We know a great deal more about the history of fountains in gardens on Byzantine sites. Oriental influence is perceptible in certain peculiar decorations. The most conspicuous trait is the splendour of the materials used, wherein we find a purely artistic purpose. In that pineapple fountain in the Sigma the original intention of supplying water has been lost sight of; but the precious stream that flowed from it suited well with its own fine receptacle, and contributed to the delight felt by spectators in the actual costliness of the materials. In like manner two fountains on the west of the new church poured out wine that was supplied from below. Even those that had only water in them were made of costly stone, and round the border of one (put up at the church) the artist wrought hens, stags, and rams in brass, which threw out streams from a good height as well as directly into the basin.
Another feature is the naturalistic sort of imitations. A
pineapple sprinkled the water; and that form of fountain was very
popular at the time, the oldest example we know being the one at
the Giardino della Pigna at the Vatican. There is a pleasant garden
that is merely symbolic, which is given in a miniature (Fig.
A fountain of classical simplicity stands between two overshadowing trees, which are to indicate an avenue, a clipped tree meaning a shrubbery, and separate flowers to represent a garden. A more important specimen than this is a fountain in mosaic at Daphne (Fig. 100),
a cloister near Antioch, where the water is falling into two shells, the lower one made of variegated marble, and then down into an ornamental marble bath, In this example the garden is merely suggested by a few trees, though by the side there is an arbour prettily formed by the interlacing of the tree-tops.

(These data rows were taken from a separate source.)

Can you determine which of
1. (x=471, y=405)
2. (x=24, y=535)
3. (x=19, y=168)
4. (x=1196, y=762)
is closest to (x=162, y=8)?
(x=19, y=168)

The love stories of the period are much the same. They are closely related to their Hellenistic predecessors, for there is nothing new in their stereotyped descriptions of a garden background. The taste for glittering materials is apparent, and the fancy for elaboration shows how the strong feeling of the Greeks for moderation in all things has been supplanted by the Oriental love of pomp and display. The narrators go on describing baths and fountains, and about the eleventh century there is a masterpiece of this kind in a tale of Eustathius, wherein there appears a pillar of many-coloured marble standing in a shell of Thessalian stone, inlaid with black and white marble. The water breaks into a thousand sparkles.
On the pillar sits an eagle with wings outstretched as if he would bathe in the stream; water spouts from his beak, and falls down the pillar side, reflecting a thousand hues. On the edge of the round basin a goat rests her foot and drinks, behind is a shepherd milking her; a hare also supports a fore-paw on the brim, and all sorts of birds—swallows, doves, hens, peacocks—pour out water from their beaks; the apparatus moreover makes sounds that imitate their different voices. Round in a circle are marble seats and footstools, and the myrtles are cut to make a green roof overhead.

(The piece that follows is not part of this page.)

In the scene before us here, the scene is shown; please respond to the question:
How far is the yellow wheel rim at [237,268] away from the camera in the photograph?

But the well by the Basilica of the Emperor Basil is a proof that, conventional as their tales appear, they yet described particular objects after the models they saw about them. The naturalistic imitation of animals, even by reproducing the voices mechanically, found its way to the grand imperial receptions. Bishop Liudprand, who several times visited the court of Constantinople as ambassador from Berengarius and Otho I., gives an account of the emperor’s throne-room of the Magnaura. He saw a brass tree, gold-plated, that stood before the throne, and on its branches gilt birds of different sizes, which sang each with its proper notes. The throne was so placed that it could be raised or lowered, sometimes being quite high up. It was guarded by two lions of enormous size, whether of brass or of wood he does not say, but overlaid with gold. At an appointed time they beat on the ground with their tails, opened their jaws, wagged their tongues, and roared. This display did not impose on the bishop, but that the Byzantines themselves took it as a real expression of the emperor’s greatness is clear from the similar account that appears in the Book of Ceremonies of Constantine Porphyrogenetos. Thus we have met again with the metal tree first mentioned in the Mahãwamsa, but the Byzantine court was really only copying the splendour of the Persian Great King, whose throne was shaded by a golden plane-tree. Of Arabian development we shall hear anon.

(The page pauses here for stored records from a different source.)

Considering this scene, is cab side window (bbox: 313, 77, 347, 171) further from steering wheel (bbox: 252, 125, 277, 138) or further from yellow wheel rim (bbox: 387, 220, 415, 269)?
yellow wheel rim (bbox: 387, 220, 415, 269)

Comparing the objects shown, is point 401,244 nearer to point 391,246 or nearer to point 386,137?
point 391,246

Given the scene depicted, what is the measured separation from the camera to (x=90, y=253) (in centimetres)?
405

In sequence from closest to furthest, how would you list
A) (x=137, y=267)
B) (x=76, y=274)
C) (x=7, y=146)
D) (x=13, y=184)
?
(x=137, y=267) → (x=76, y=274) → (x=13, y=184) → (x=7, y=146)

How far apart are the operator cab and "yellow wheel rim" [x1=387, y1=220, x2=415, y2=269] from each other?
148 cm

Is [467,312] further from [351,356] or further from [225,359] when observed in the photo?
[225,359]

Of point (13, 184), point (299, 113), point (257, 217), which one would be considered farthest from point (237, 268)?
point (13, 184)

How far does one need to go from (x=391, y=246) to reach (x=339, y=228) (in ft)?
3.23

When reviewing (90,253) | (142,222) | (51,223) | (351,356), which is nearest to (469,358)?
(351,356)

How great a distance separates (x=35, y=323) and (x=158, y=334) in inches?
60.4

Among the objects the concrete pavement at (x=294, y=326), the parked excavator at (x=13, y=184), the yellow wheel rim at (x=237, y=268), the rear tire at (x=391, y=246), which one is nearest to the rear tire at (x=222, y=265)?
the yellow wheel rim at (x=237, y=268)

The tree idea found its way into the love romances also. Although one of these tales bears the classical name of Achilleis, this name is but a veil of the slightest, and once stripped off there is only the ordinary fashionable love story, with its usual descriptions of tourneys, fair maidens, palaces, and gardens. In one of these lovely gardens—alas, too lovely, for words always fail the narrator to describe it—there is the golden plane-tree once more, and in it are birds that begin to sing as the wind waves in the branches. At this period the artificial tree had entirely dropped any religious significance.
Later we shall see how the Crusaders brought news of it to
Europe. In the thirteenth century a French goldsmith, commissioned
by the Great Khan of Tartary, was clever enough to make a beautiful
object of art (Fig. 101)
that has been preserved; it is a silver tree with gold leaves, and dragons’ heads on the branches, shooting out some liquid (which is no doubt wine) into four vessels guarded by little lions. In another romance there is a marvellous bath in a park. The vaulting of the roof is a tree studded with jewels for fruit, and a vine made of gold climbs up the face of the wall and mixes with the branches of the tree. Mirrors are set round about, so that anyone who comes in may see the garden repeated. (In the romance by Tatius the simple mirror of the lake had to reflect the garden picture.) As a fact, this Byzantine garden romance is made on a real pattern, and there is talk at Byzantium in very early days of a mirror bath. One room in the palace of the Chrysotriclinium was “ turned into a flowering rose-garden, wherein different kinds of many-coloured stones imitated the forms of living trees, and round them twined climbing plants, making an extraordinary combined effect.” A silver enclosure, like a ring, shut in the whole place, which gave much enjoyment to the beholders. A garden-room like this goes back to a Roman model, based on an earlier original. Of its development in the Italian Renaissance Garden we shall speak later.